The published studies on the use of olanzapine as antiemetic treatment in the palliative setting reveal an efficiency and a good tolerance of this treatment, which is also available in several galenic forms adapted to several modes of administration, in particular the orodispersible form. We propose the use of olanzapine in the palliative setting in the event of nausea or vomiting refractory to the usual antiemetic treatments at a dose of 5 mg per day with possible 2.5 mg interdoses.

Contraindications to its use are hypersensitivity to the active substance and the risk of AACG, and patients at high risk of stroke or seizure.

Two recent studies published in 2019, larger (n = 30 and n = 40) than those listed in our review of the literature, confirmed the safety and efficacy of olanzapine as an antiemetic for patients with late-stage cancer not receiving chemotherapy or radiotherapy [56, 57]. However, only Navari’s research was a randomized, double-blind, placebo-controlled study.
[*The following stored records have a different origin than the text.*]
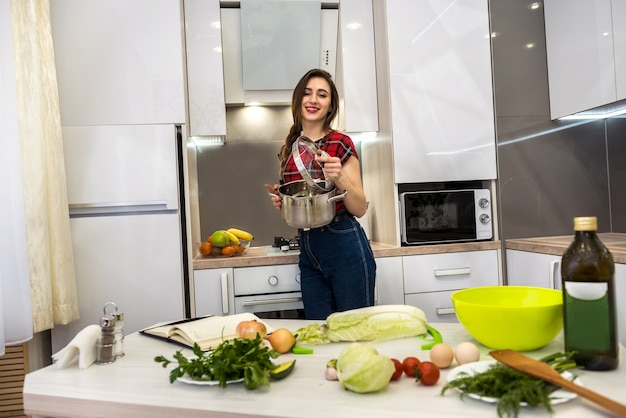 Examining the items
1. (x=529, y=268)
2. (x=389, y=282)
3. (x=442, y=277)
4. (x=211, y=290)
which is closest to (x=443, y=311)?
(x=442, y=277)

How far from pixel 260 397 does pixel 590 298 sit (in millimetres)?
585

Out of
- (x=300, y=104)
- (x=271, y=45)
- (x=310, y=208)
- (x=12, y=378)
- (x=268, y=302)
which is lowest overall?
(x=12, y=378)

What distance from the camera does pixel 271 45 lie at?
8.94 ft

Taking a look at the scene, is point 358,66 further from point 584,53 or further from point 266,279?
point 266,279

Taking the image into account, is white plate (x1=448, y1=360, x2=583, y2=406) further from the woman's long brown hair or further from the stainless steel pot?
the woman's long brown hair

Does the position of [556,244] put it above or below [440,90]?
below

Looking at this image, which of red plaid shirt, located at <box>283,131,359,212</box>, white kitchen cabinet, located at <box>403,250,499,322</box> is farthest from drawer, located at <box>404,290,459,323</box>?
red plaid shirt, located at <box>283,131,359,212</box>

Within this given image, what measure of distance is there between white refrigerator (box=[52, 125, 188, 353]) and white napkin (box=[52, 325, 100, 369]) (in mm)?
1257

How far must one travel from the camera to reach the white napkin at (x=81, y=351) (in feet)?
3.40

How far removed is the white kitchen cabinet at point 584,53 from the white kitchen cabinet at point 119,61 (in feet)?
6.17

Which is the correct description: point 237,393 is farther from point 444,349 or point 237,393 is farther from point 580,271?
point 580,271

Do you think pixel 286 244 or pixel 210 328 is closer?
pixel 210 328

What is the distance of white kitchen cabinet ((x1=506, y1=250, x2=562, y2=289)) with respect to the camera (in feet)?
7.49

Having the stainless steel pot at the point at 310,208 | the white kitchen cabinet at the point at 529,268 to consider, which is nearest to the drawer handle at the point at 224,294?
the stainless steel pot at the point at 310,208
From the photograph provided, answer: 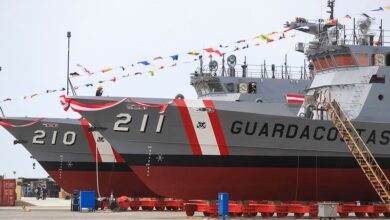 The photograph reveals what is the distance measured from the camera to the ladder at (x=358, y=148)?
102 ft

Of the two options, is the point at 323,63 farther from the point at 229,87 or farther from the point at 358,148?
the point at 229,87

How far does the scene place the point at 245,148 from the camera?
32156mm

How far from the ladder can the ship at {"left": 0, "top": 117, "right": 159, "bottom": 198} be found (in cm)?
1264

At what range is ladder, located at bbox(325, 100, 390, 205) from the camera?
3095cm

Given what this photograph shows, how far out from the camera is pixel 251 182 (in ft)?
106

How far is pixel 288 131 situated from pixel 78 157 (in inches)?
548

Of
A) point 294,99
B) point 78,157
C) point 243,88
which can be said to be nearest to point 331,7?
point 294,99

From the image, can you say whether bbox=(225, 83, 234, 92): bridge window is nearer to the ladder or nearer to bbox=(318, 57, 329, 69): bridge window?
bbox=(318, 57, 329, 69): bridge window

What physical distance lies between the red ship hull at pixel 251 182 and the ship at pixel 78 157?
9070 mm

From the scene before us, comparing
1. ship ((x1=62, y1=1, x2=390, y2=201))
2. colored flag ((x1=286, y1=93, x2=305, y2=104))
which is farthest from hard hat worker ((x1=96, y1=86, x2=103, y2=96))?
colored flag ((x1=286, y1=93, x2=305, y2=104))

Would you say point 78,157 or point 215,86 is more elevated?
point 215,86

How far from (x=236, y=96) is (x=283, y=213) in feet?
56.4

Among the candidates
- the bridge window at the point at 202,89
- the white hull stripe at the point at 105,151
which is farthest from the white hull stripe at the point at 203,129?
the bridge window at the point at 202,89

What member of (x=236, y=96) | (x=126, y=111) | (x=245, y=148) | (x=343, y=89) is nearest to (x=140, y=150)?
(x=126, y=111) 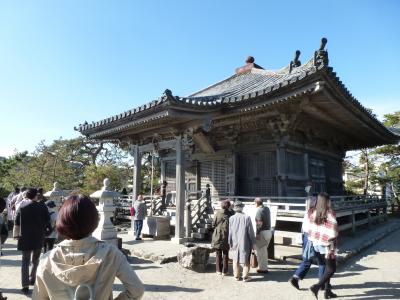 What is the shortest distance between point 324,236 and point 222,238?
2302 mm

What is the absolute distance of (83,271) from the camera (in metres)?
1.93

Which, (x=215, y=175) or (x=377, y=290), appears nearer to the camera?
(x=377, y=290)

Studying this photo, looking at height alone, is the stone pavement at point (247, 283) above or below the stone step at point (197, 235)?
below

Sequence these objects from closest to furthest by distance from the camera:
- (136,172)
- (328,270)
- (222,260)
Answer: (328,270) → (222,260) → (136,172)

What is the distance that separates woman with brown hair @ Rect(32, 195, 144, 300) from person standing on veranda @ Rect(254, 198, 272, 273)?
17.8ft

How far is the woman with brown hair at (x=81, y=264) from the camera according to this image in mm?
1934

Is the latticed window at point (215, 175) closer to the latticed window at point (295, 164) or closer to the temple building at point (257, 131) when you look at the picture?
the temple building at point (257, 131)

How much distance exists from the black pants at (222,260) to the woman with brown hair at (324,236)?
6.96 feet

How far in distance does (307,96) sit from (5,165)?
27.9 m

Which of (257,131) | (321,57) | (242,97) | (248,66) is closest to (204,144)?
(257,131)

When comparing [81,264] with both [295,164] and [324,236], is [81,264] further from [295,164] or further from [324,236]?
[295,164]

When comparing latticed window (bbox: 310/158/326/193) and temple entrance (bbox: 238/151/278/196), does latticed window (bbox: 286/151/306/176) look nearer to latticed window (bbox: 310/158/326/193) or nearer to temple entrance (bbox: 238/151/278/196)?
temple entrance (bbox: 238/151/278/196)

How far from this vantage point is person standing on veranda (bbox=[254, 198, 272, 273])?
280 inches

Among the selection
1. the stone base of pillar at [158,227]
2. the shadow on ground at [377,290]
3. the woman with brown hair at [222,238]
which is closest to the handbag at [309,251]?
the shadow on ground at [377,290] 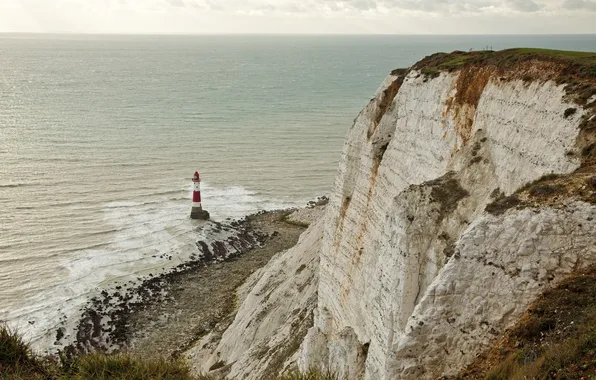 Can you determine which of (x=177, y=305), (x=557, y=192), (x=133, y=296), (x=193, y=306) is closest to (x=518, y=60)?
(x=557, y=192)

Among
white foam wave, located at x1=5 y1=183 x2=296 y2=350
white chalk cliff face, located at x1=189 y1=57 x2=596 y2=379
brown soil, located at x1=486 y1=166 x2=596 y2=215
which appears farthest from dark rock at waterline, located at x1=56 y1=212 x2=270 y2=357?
brown soil, located at x1=486 y1=166 x2=596 y2=215

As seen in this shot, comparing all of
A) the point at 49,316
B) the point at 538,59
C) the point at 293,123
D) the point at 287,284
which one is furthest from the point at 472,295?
the point at 293,123

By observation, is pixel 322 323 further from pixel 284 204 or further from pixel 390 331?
pixel 284 204

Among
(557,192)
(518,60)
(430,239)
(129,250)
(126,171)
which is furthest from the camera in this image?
(126,171)

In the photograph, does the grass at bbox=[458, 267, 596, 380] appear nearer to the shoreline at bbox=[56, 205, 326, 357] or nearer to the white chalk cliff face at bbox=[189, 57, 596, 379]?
A: the white chalk cliff face at bbox=[189, 57, 596, 379]

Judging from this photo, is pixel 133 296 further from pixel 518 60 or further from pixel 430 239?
pixel 518 60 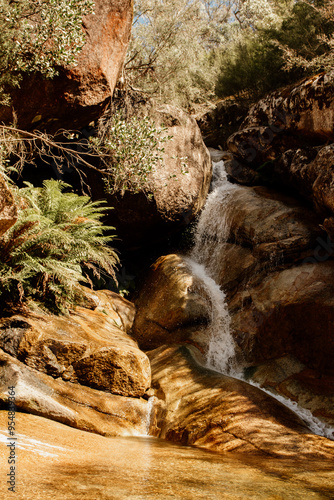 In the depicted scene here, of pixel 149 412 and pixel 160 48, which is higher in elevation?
pixel 160 48

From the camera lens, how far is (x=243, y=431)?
15.0ft

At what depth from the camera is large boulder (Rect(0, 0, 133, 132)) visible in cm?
618

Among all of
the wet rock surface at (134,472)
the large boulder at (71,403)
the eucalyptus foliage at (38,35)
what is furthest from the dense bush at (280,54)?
the wet rock surface at (134,472)

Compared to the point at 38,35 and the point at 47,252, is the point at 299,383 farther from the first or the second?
the point at 38,35

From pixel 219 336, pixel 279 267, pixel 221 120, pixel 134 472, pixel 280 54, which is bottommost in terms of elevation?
pixel 219 336

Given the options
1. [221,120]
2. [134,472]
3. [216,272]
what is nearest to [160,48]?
[216,272]

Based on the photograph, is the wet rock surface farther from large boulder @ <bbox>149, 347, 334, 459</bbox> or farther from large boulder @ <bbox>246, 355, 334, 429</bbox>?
large boulder @ <bbox>246, 355, 334, 429</bbox>

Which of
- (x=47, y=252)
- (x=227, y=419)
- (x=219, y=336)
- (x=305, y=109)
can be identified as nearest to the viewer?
(x=227, y=419)

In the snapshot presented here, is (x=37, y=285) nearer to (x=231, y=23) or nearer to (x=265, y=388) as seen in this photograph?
(x=265, y=388)

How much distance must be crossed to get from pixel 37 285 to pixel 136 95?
656 centimetres

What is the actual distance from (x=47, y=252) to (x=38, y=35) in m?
3.27

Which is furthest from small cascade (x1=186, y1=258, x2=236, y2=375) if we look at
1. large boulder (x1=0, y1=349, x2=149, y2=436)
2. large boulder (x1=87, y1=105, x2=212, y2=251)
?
large boulder (x1=0, y1=349, x2=149, y2=436)

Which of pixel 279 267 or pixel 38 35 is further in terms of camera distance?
pixel 279 267

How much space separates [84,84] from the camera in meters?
6.57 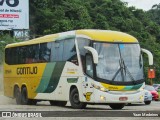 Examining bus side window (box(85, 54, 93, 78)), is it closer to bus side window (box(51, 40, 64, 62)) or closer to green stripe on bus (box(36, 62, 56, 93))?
bus side window (box(51, 40, 64, 62))

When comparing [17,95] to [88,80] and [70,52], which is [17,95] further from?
[88,80]

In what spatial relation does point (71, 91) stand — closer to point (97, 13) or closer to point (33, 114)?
point (33, 114)

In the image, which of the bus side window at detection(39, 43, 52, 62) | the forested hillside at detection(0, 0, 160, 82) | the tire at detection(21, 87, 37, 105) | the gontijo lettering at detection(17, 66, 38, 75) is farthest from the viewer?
the forested hillside at detection(0, 0, 160, 82)

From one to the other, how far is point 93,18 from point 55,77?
49206mm

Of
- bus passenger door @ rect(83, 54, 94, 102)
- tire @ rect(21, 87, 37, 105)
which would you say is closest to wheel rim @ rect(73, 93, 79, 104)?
bus passenger door @ rect(83, 54, 94, 102)

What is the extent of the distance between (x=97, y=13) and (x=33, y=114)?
2429 inches

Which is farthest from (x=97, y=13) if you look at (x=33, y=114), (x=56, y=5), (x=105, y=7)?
(x=33, y=114)

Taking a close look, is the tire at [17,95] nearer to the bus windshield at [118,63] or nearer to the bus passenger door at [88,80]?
the bus passenger door at [88,80]

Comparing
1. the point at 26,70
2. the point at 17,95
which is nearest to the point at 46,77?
the point at 26,70

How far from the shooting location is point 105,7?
74688 millimetres

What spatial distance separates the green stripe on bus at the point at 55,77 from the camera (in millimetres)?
23109

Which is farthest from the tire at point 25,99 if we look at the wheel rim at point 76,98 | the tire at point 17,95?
the wheel rim at point 76,98

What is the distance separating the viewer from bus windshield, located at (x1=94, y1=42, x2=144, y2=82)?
2083 centimetres

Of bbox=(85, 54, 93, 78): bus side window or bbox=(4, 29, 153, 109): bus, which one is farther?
bbox=(85, 54, 93, 78): bus side window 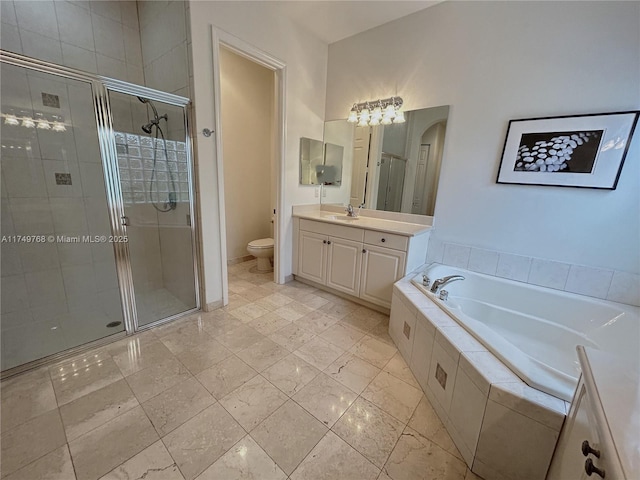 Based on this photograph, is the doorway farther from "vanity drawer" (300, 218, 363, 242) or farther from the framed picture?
the framed picture

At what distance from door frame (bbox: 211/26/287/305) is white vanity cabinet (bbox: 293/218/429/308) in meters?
0.24

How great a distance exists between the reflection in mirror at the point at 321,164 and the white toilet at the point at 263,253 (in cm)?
93

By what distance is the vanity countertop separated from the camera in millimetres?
2307

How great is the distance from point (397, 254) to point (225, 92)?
286 centimetres

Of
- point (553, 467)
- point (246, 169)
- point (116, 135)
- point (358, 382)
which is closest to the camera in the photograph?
point (553, 467)

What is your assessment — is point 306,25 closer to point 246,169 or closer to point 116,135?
point 246,169

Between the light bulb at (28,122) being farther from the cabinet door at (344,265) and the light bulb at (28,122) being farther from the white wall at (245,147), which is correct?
the cabinet door at (344,265)

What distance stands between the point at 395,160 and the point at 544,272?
160 centimetres

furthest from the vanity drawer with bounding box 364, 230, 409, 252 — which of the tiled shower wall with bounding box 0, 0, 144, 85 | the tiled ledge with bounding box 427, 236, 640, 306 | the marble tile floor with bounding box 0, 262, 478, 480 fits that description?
the tiled shower wall with bounding box 0, 0, 144, 85

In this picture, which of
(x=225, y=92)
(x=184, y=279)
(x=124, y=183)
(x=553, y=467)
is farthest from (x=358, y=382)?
(x=225, y=92)

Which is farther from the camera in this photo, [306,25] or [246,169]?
[246,169]

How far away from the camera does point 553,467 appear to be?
92 cm

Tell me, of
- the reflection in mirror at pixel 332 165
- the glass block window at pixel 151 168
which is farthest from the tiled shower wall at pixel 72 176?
the reflection in mirror at pixel 332 165

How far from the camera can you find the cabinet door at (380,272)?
2301 millimetres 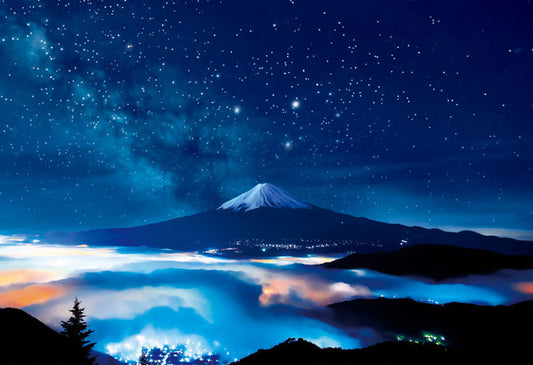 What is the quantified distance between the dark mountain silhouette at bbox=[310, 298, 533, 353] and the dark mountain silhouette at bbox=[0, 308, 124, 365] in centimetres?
8718

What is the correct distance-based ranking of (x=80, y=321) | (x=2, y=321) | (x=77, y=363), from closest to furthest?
(x=77, y=363)
(x=80, y=321)
(x=2, y=321)

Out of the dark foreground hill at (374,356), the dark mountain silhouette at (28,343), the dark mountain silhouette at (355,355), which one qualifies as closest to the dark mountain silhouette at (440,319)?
the dark foreground hill at (374,356)

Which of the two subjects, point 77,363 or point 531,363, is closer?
point 77,363

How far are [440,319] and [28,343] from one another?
127 metres

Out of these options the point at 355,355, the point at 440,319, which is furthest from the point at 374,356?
the point at 440,319

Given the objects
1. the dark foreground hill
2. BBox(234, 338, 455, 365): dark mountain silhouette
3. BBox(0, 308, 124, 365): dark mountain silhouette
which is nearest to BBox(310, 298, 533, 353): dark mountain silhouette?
the dark foreground hill

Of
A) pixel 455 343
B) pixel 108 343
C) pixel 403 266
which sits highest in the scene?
pixel 403 266

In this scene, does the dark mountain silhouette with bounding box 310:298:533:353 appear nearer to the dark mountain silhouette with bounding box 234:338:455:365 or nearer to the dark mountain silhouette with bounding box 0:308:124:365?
the dark mountain silhouette with bounding box 234:338:455:365

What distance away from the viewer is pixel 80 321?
32.0 meters

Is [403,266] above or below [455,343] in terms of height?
above

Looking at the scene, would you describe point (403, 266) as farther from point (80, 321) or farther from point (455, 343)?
point (80, 321)

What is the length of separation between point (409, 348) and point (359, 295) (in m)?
113

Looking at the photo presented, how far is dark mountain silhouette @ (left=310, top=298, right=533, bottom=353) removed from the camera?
89.3m

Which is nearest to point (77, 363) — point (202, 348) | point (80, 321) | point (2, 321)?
point (80, 321) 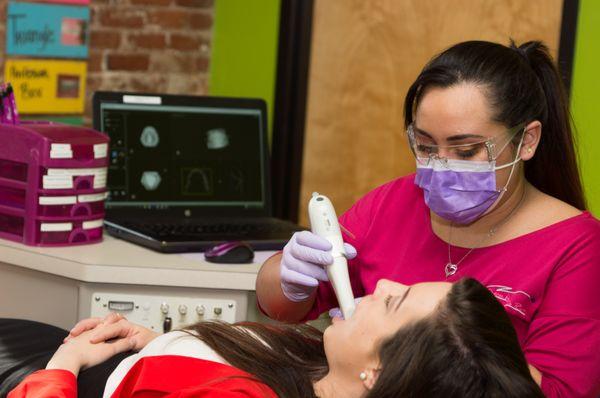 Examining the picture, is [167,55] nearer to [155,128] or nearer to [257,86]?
[257,86]

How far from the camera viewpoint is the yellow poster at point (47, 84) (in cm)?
285

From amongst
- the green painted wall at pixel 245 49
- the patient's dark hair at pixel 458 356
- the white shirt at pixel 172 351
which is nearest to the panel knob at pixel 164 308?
the white shirt at pixel 172 351

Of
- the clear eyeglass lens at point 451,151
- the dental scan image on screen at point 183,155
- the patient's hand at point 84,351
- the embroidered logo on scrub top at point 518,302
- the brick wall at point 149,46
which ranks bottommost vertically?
the patient's hand at point 84,351

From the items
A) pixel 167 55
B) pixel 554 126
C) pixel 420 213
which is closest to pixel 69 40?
pixel 167 55

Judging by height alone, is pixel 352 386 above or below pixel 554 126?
below

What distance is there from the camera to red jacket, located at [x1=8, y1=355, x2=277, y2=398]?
157cm

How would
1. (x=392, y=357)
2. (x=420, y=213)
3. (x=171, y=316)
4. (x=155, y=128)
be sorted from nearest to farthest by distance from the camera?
(x=392, y=357) → (x=420, y=213) → (x=171, y=316) → (x=155, y=128)

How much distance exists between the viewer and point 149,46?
3.18m

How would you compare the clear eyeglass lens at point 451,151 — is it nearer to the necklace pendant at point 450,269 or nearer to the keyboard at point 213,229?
the necklace pendant at point 450,269

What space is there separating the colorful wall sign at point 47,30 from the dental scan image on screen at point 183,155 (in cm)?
51

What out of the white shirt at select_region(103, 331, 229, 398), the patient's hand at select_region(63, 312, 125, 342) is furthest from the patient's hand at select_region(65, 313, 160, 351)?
the white shirt at select_region(103, 331, 229, 398)

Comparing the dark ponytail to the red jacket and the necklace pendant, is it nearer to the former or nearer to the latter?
the necklace pendant

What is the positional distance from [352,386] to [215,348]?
28 centimetres

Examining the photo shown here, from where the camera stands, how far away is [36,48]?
2.88m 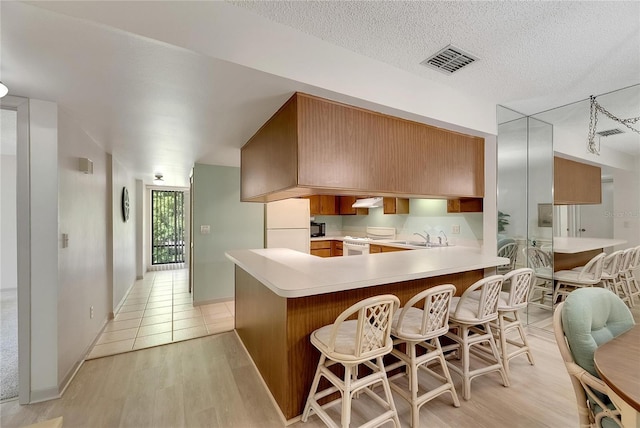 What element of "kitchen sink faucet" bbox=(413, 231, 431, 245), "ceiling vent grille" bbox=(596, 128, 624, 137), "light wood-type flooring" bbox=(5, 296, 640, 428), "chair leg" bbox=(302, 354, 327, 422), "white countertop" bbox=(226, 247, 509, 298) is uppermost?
"ceiling vent grille" bbox=(596, 128, 624, 137)

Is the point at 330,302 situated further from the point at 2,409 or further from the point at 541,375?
the point at 2,409

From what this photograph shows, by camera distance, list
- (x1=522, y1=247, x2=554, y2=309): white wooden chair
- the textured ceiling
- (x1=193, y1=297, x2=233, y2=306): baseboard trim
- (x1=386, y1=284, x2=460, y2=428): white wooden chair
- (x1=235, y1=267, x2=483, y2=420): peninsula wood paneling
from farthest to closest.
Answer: (x1=193, y1=297, x2=233, y2=306): baseboard trim < (x1=522, y1=247, x2=554, y2=309): white wooden chair < (x1=235, y1=267, x2=483, y2=420): peninsula wood paneling < (x1=386, y1=284, x2=460, y2=428): white wooden chair < the textured ceiling

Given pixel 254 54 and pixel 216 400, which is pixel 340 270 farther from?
pixel 254 54

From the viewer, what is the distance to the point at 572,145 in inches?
128

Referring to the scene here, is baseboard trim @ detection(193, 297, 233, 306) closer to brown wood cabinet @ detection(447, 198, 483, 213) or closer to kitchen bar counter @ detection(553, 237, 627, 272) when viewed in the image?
brown wood cabinet @ detection(447, 198, 483, 213)

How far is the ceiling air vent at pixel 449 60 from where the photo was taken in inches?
80.3

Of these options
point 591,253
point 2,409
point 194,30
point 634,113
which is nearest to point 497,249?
point 591,253

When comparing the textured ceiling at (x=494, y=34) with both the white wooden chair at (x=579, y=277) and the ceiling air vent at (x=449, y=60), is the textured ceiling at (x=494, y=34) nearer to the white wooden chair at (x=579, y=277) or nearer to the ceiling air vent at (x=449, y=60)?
the ceiling air vent at (x=449, y=60)

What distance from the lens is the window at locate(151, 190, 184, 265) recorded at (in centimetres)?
712

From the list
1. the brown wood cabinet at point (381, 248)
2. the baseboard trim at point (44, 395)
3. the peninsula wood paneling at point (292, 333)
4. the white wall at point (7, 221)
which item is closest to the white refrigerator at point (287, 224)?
→ the brown wood cabinet at point (381, 248)

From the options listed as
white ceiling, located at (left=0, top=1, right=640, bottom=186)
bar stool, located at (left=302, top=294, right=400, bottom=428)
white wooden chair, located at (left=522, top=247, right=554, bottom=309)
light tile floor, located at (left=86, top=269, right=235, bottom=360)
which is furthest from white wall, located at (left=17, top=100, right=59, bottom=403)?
white wooden chair, located at (left=522, top=247, right=554, bottom=309)

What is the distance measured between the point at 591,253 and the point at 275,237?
407cm

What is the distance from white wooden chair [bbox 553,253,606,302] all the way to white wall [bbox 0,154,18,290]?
27.1 feet

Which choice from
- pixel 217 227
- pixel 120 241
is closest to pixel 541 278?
pixel 217 227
To date, studies are scarce and have a low statistical power and therefore more prospective randomized controlled trials are needed to determine the benefit of this treatment in palliative care patients, compared to placebo or usual treatments as prokinetics, 5-HT3 antagonists or NK1 antagonists. Due to these patients’ frailty, it would also be wise for these studies to use the lowest possible starting dose (2.5–5 mg per day). The quality of life of patients should also be considered to evaluate and recommend their use as first-line treatment in a palliative care setting.